Fishman, who is an investigative reporter, researched his book without the cooperation of Walmart, which at the time of his research was notably secretive about its practices. Nevertheless, Fishman wrote a balanced book, seeking to understand Walmart without condemning or glorifying. Some things he found:
Walmart employs 2 million plus people in the United States alone. Walmart also has the highest employee turnover rate, nearly 50%. Despite this it is the major employer in most states in the United States. Shopping at Walmart for groceries, you will save 15% over any other grocery store, supermarket or otherwise. Walmart has 1 billion dollars in sales per day. When Walmart opens a Supercenter, it adds 500 jobs to an area. However, within that area over 5 years 450 non Walmart retail jobs are lost. Walmart sticks closely to its "Always Low Prices. Always" motto even though their own profit margins are notoriously low at 36 cents on a $10 sale.
Walmart makes its money based on volume. Suppliers want that volume. Walmart buys to supply all their stores. To contract with Walmart brings sales to suppliers but also lower prices to Walmart as they persistently drive prices down as the cost of doing business with them. Low prices this year are expected to be lower still the next year. Fishman explores clearly the effect of this low price strategy on consumers, suppliers, local businesses and communities, national and global economies.

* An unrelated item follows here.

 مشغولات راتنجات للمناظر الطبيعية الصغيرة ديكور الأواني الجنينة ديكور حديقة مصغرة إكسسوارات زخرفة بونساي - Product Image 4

Walmart's emphasis has resulted in major changes in the packaging industry. In fact there are few industries that have not been impacted by Walmart's emphasis. It's made its suppliers much more efficient. Its distribution and inventory systems have helped its own efficiencies and Walmart's practices have been seen as a major counter in combating inflation.
Since Fishman's book came out, Walmart has been changing. It has announced a "green" or sustainability initiative. It is now supporting purchases with local farmers. It has become a major pharmaceutical provider and initiated $4 per generic drug prescription. This has forced other pharmacies to follow suit. Also many employee suits are wending their ways through the court system and Walmart is having to settle.
If you want to understand the Wal-Mart Effect, Fishman's book is for you. If you are planning to do business with Wal-Mart, this book will be an eye-opener. Also Walmart has not only changed its logo, but its motto. While the "low prices always" is the back drop, its new motto is "Save Money, Live Better".
The Wal-Mart Effect is available at the Berkshire Athenaeum and other public libraries.